◆ What is expected
For this item, repeat the material exactly while omitting its pictures.

◆ Input data
"""

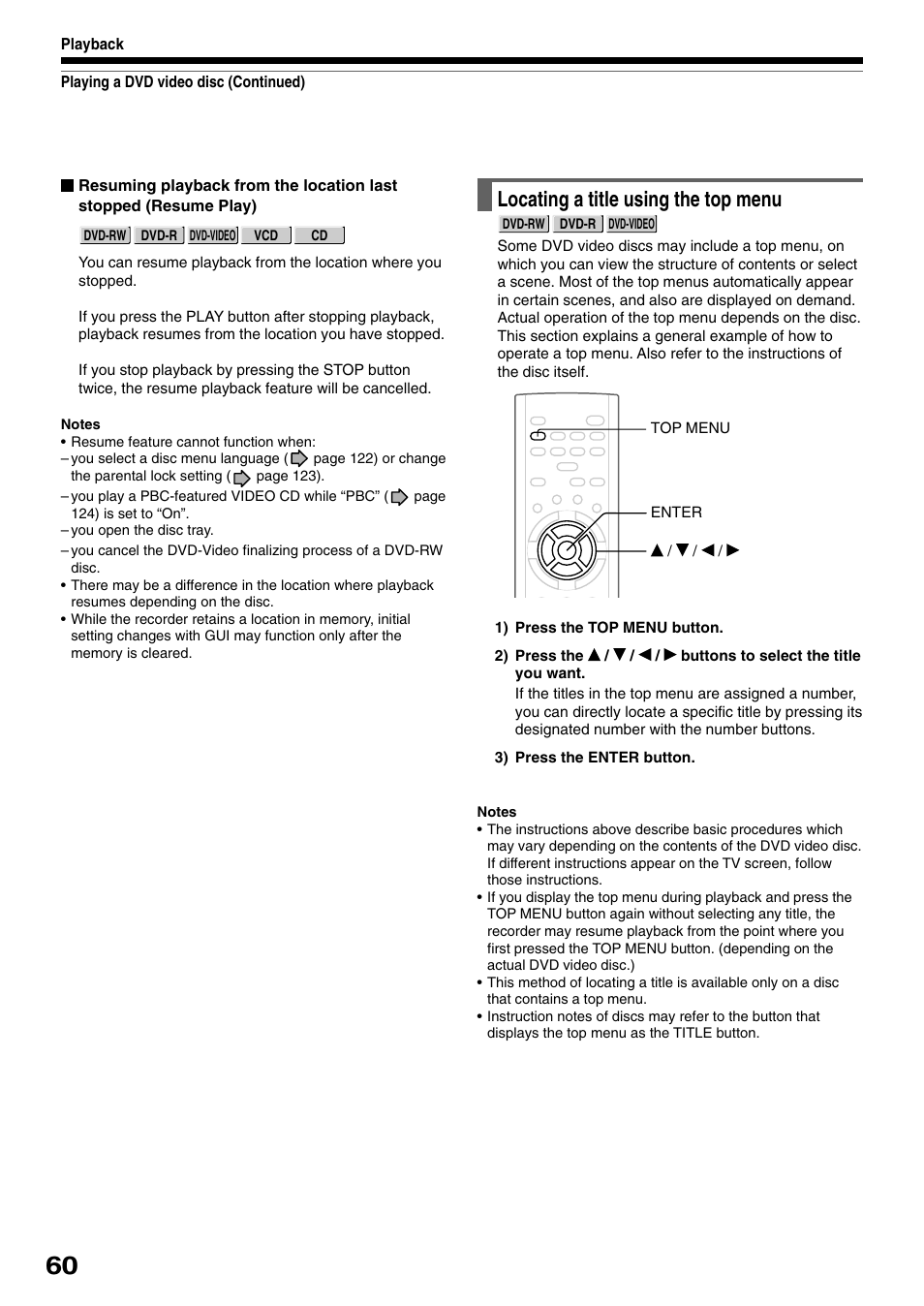 Locating a title using the top menu | Toshiba D-R1SU User Manual | Page 60 / 144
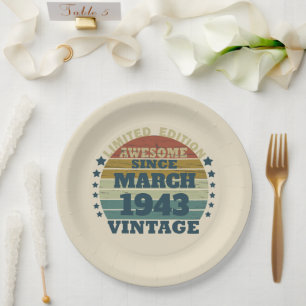 Assiettes En Carton Quatre-vingts ans vintages personnalisés 80e anniv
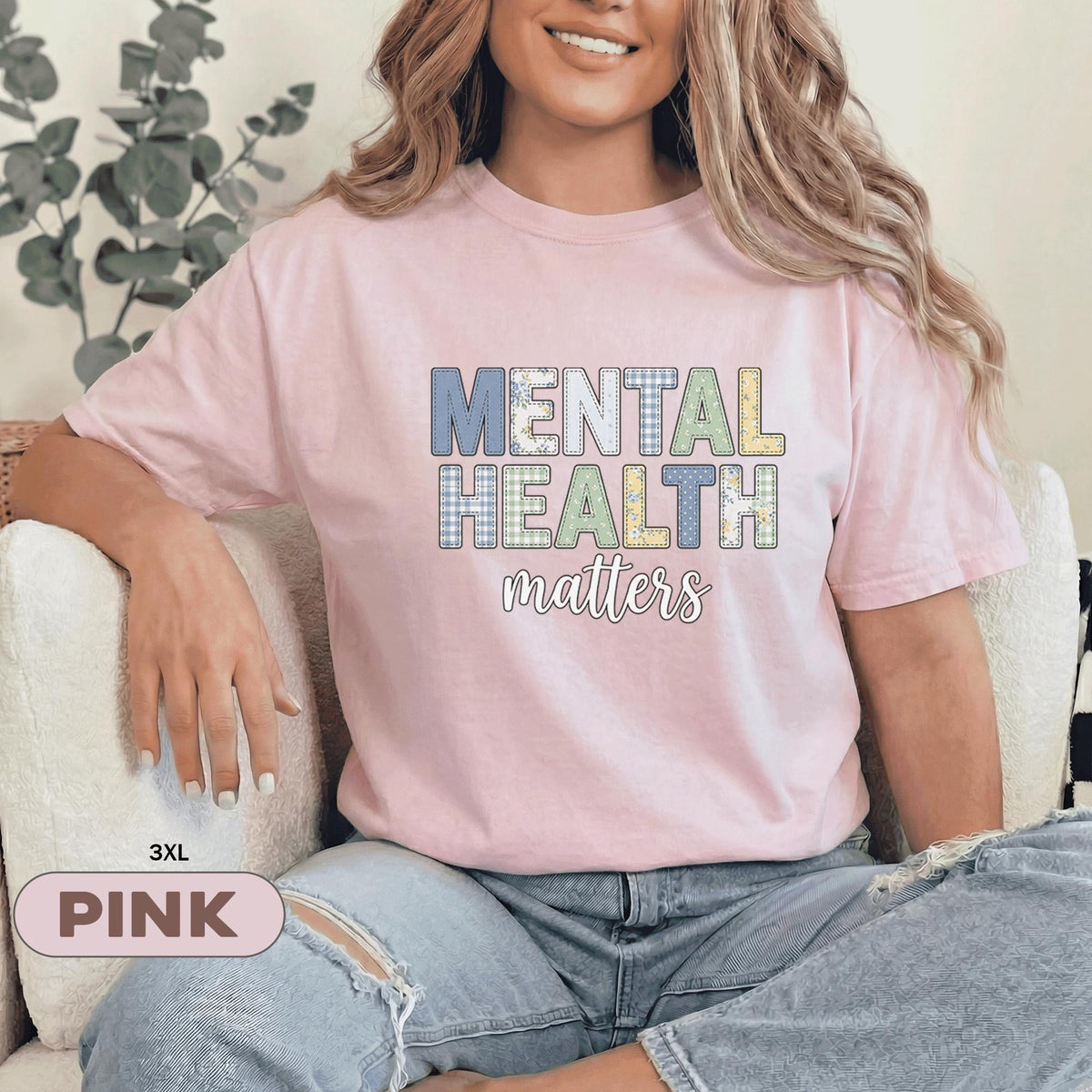 Mental Health Matters Shirt Vintage Patchwork Text Tee Inspirational Awareness Quote Gift Retro Style Unisex Mental Health Awareness T Shirt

"""

◆ Expected output
 Locating a title using the top menu | Toshiba D-R1SU User Manual | Page 60 / 144
 Assiettes En Carton Quatre-vingts ans vintages personnalisés 80e anniv
 Mental Health Matters Shirt Vintage Patchwork Text Tee Inspirational Awareness Quote Gift Retro Style Unisex Mental Health Awareness T Shirt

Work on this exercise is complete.